*** Opening of Given information ***
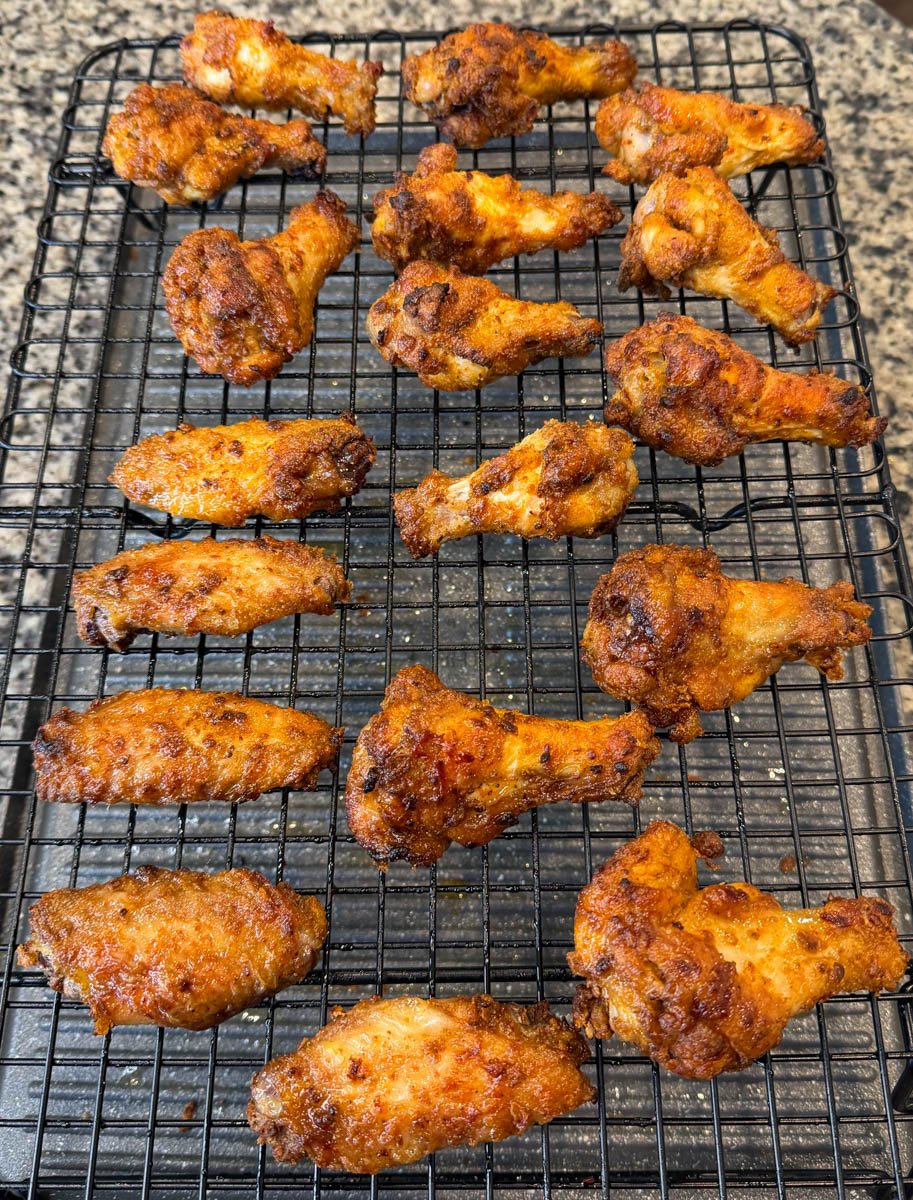 dry rub wings on a baking rack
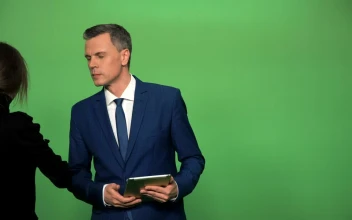 Stock Video Applying Make Up To Newscaster On A Green Screen For PC
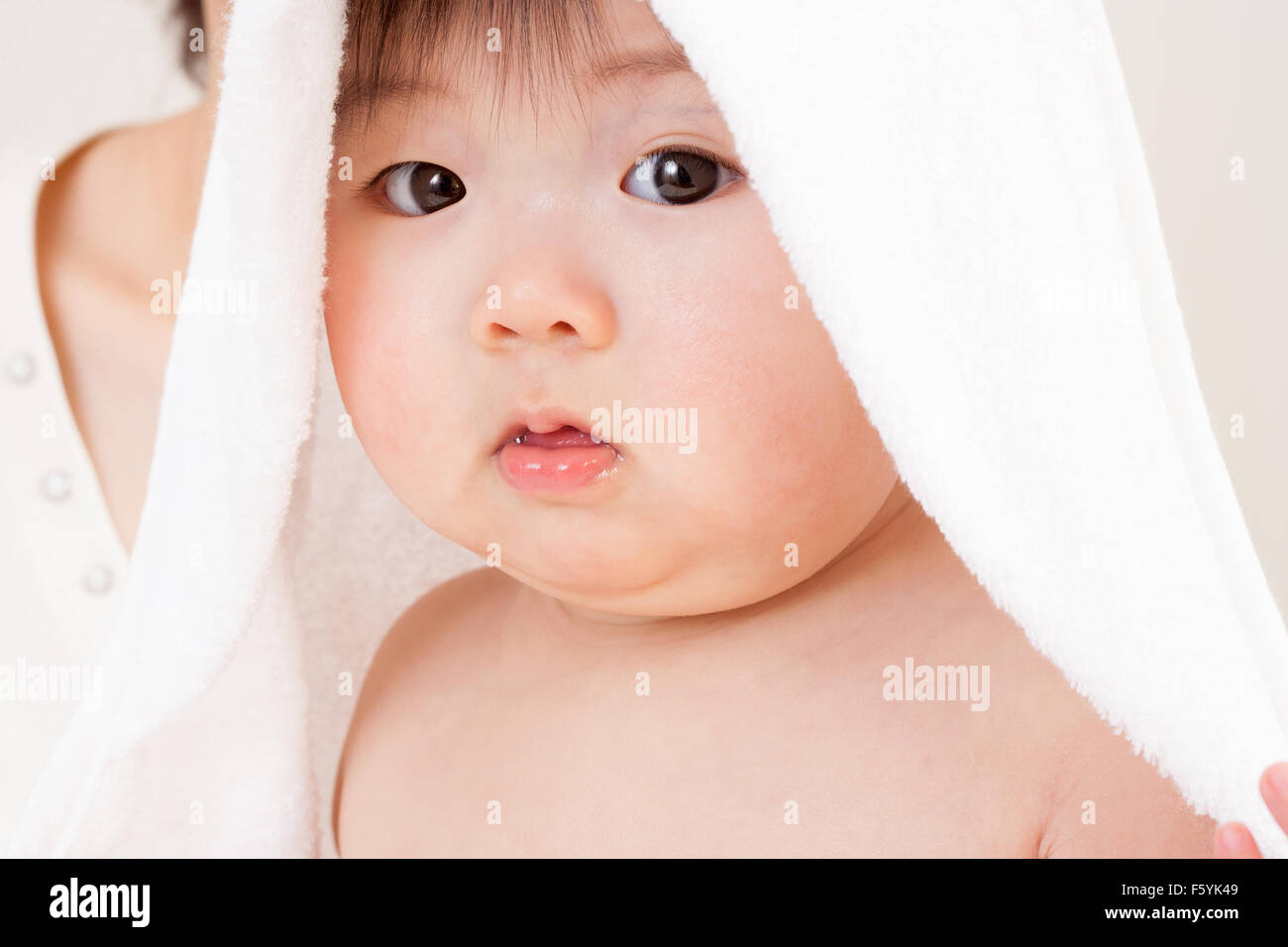 Cute asian baby looking at the camera with a towel over his head Stock  Photo - Alamy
*** Close of Given information ***
→ What you need to do
Return the full set of lines above word for word and with no pictures.

→ Output for this task
 dry rub wings on a baking rack
 Stock Video Applying Make Up To Newscaster On A Green Screen For PC
 Cute asian baby looking at the camera with a towel over his head Stock  Photo - Alamy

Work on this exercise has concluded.